As for investors, AI is making asset selection and timing even more important.

While the overall outlook is positive, potential downside risks include a slower-than-expected productivity boost from AI and disruption to the labour market, which could lead to higher vacancy rates and downward pressure on rents in general.

"The range of outcomes remains wide. Understanding the different scenarios is critical for both occupiers and investors as they plan for the next decade," says Brown.

Retail: Clear winners and losers

The retail sector may benefit from AI as stronger household income growth will support discretionary spending, but the consumer landscape could also become more polarised as a result.

The research team foresees the retail market splitting into clear winners and losers.

"High and low-end retail segments are likely to outperform, while mid-tier retail will face structural challenges," the report states.

Physical, experience-based retail will also remain resilient, with demand concentrating in high-income and talent-dense markets.

Although retail labour may be partly automated as a result of AI adoption, the increase in consumer spending is likely to support moderate demand for retail space, in C&W's view.

It suggests retail occupiers double down on space in prime nodes where consumer spend is flowing, refit their stores to focus on experiential formats, and exit the weakening mid-tier segment.

For investors in retail properties, C&W similarly suggests backing prime destinations and avoiding "generic boxes" or less differentiated assets.

"Retail investment outcomes are shaped more by supply constraints and consumer income than by AI-driven labour effects," the firm notes. It points out that differentiation by format and tenant mix is critical.

In Apac specifically, it predicts that the wide range of wealth effects within the region will boost retail property performance in affluent, tech-forward countries, while those with lower rates of AI adoption may lag behind.
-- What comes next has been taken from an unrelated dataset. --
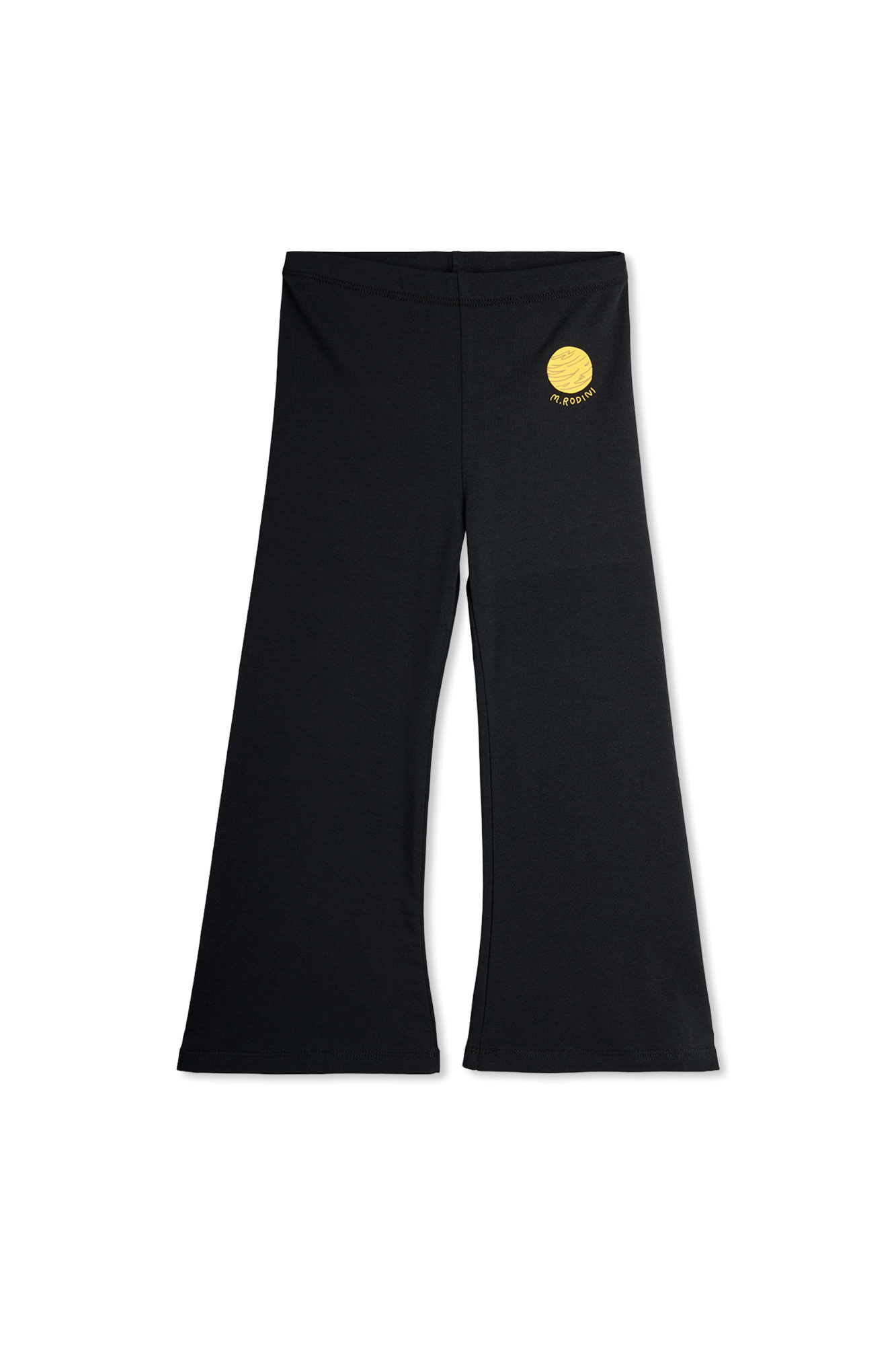 Mini Rodini Spodnie Z Rozszerzanymi Nogawkami, Unisex, Czarny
Downside scenarios: AI bust or labour displacement

The study models four distinct scenarios reflecting different paths for AI adoption, productivity and labour market outcomes.

Besides the base case, which C&W says has the highest likelihood (50% probability) of occurring, it also explores the upside scenario — of productivity-led expansion with rapid AI adoption (15% probability) — and two possible downside scenarios.

AI impact: Vacancy rate by property sector, in each of the four scenarios

Source: Cushman & Wakefield, 'AI Impact on CRE: The Next 10 Years'

The "AI Bust" or "Moderate Recession" case (25% probability) takes place if AI adoption falls short of expectations and contributes to a cyclical downturn.

This downside scenario draws from the dot-com experience, when a transformative technology ultimately delivered economic gains in the long run, but only after a period of overinvestment, firm failures and disruption in the financial markets.

In this "AI Bust" scenario, stress in commercial real estate is driven by broader financial conditions and timing — not technology failure.

Real estate demand will weaken in the short run, with higher vacancies and rent pressure, before recovering.

For offices, such a delay in translating AI-driven productivity into occupier demand will be "particularly damaging", C&W says. A substantial growth slowdown will be accompanied by layoffs and prolonged office vacancy.

Vacancies are also expected to rise for retail properties as discretionary spending softens, and for logistics and industrial assets as capital spending pauses. With job and income growth slowing, more multifamily and living assets will be left vacant, too.

Finally, the other downside scenario, "Dystopic/Displacement", has the lowest likelihood (5% probability) of occurring.

In this case, AI adoption substitutes more labour than expected, leading to higher unemployment, and revenue growth lags productivity. Real estate demand remains weak for a more sustained period, with downside pressure on rents and values.

Office demand will likely be the hardest hit here, with muted spillovers in other sectors.